LOS ANGELES (AP) — Jonah Hill is winning points for what appears to be a sincere apology for hurling a gay slur at a paparazzo he says was harassing him.
But the insult the actor hurled last week still raises the question: Why would someone like Hill, for years a vocal supporter of the lesbian, gay, bisexual and transgender community, use such a word? Even in a moment of anger?
Not that he’s the first or likely will be the last prominent person to do so. A national television audience heard Kobe Bryant shout the same slur three years ago at a referee he thought had made a bad call during a basketball game. Isaiah Washington said it to his “Grey’s Anatomy” co-star T.R. Knight in 2007, setting off a dispute that eventually got Washington fired. Chicago Bulls center Joakim Noah yelled it at a Miami Heat basketball fan who had been getting on him during a game.
The word is faggot, and although it’s not the only gay pejorative, it seems to be the one people most often fall back on when they’re mad at someone.

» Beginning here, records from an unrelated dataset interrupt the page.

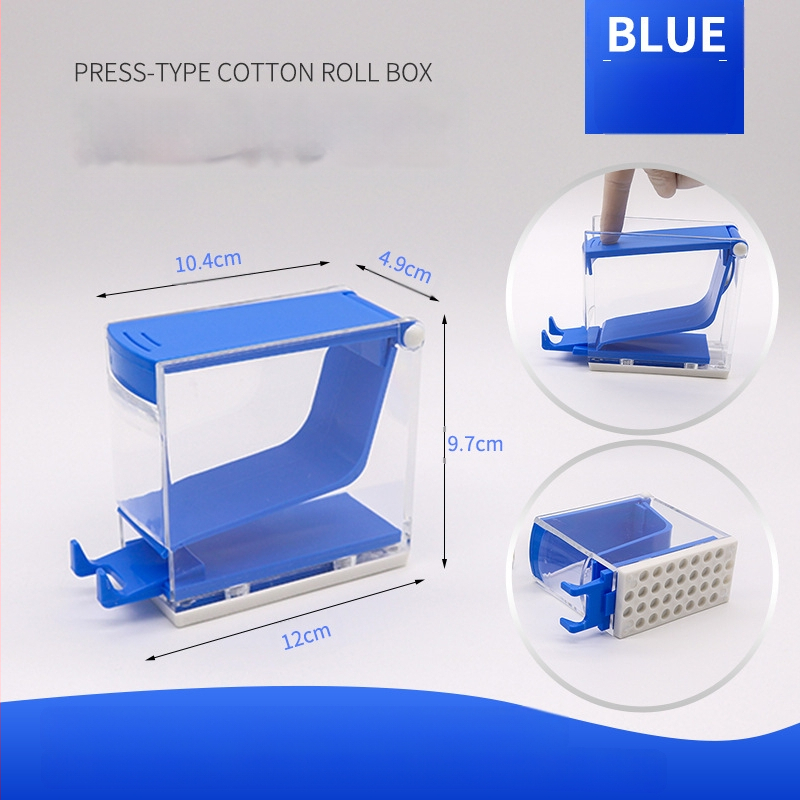Κουτί ρολών βαμβακιού τύπου push για οδοντιατρική χρήση, με καπάκι από PP πλαστικό, με εκτυπωμένο λογότυπο
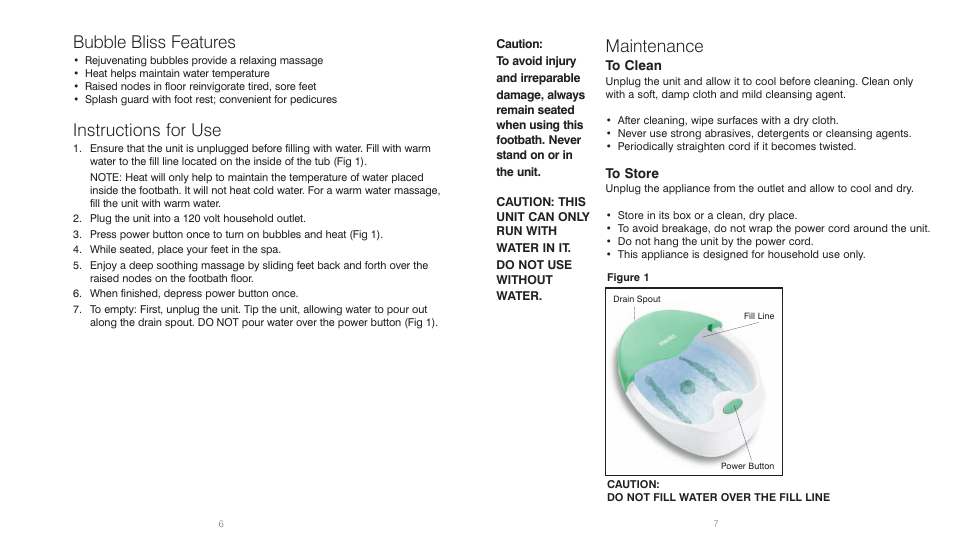 Bubble bliss features, Instructions for use, Maintenance | HoMedics BubbleBliss FB-30 User Manual | Page 4 / 8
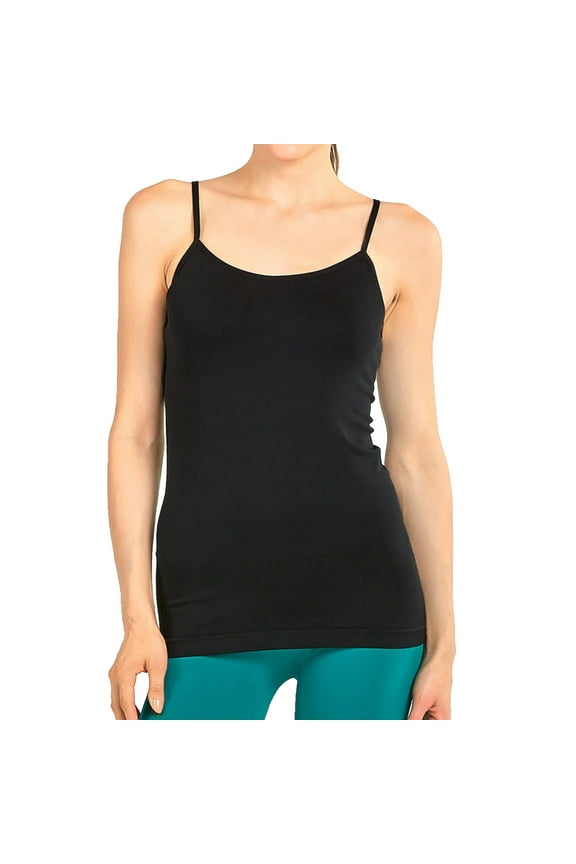 Women's Nylon Camisole Top Plus Size, Black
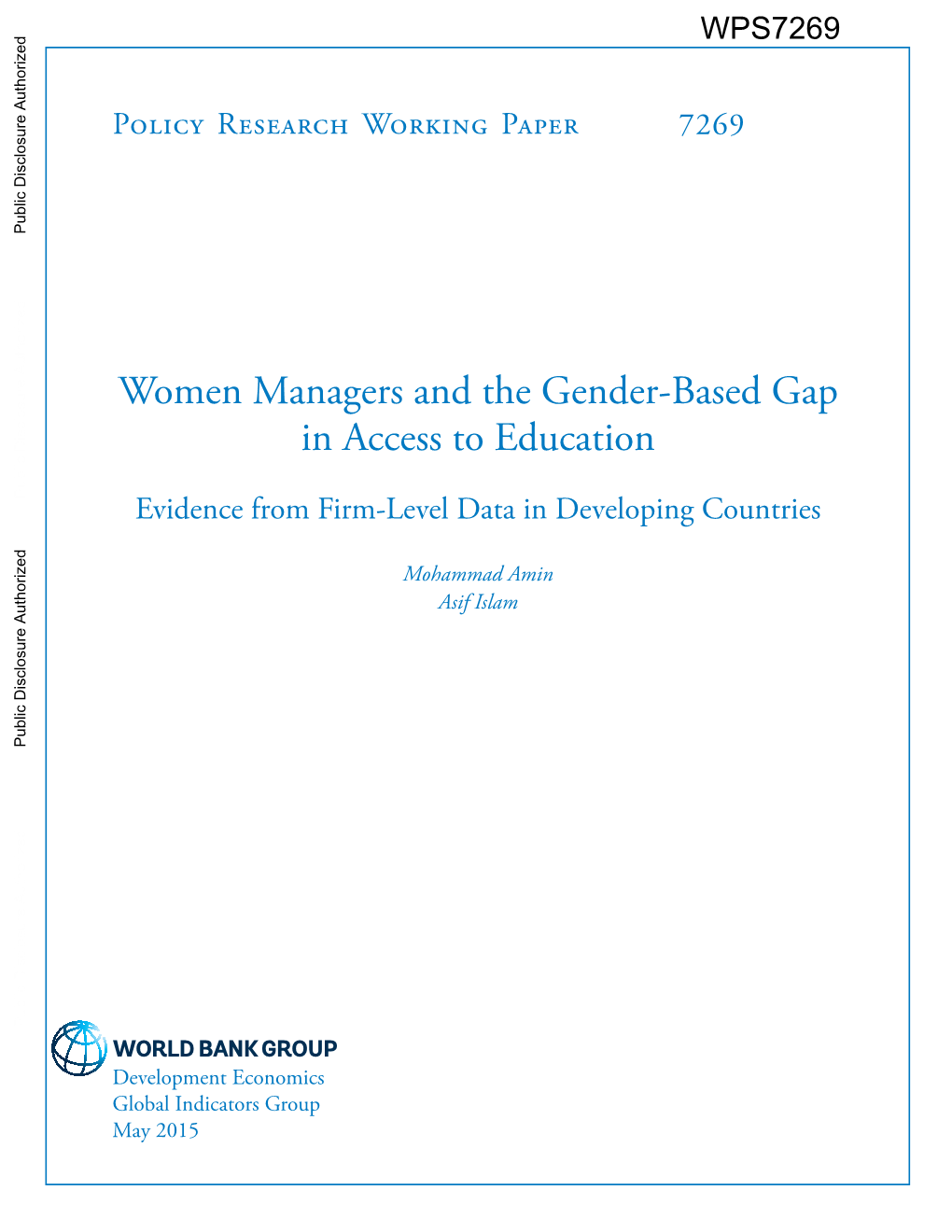 Women Managers and the Gender-Based Gap in Access to Education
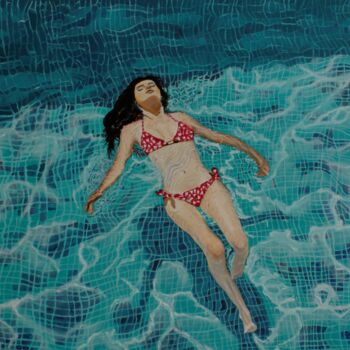 Painting titled "Turquoise dreams" by Ibrahim Unal, Original Artwork, Oil
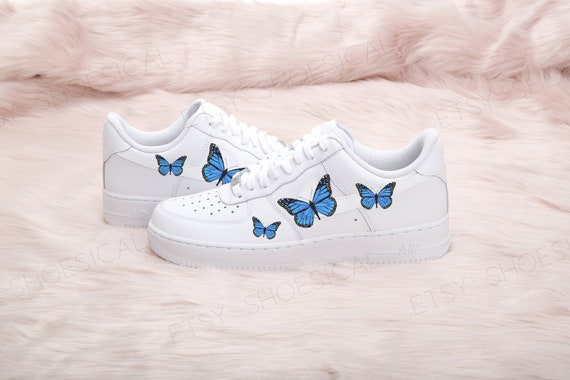 Mariposa azul Nike Air Force Custom Air Force Ones Zapatos -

And often it doesn’t seem to matter if they think the person is gay or not.
“I think Jonah Hill’s comments are indicative of the fact that oftentimes when somebody uses that language, they aren’t using it because they are necessarily homophobic,” said Hudson Taylor, whose group, Athlete Ally, seeks to end anti-gay bias in sports. “That language is so prevalent in all the communities I work with that whether it’s a fourth-grader or a professional athlete, 90 percent have heard the term in the last week.”
It is so commonplace that when someone is furious and searching for the most insulting thing they can say, that’s the one they pick, says Howard Bragman, a veteran Hollywood crisis publicist and vice president of Reputation.com.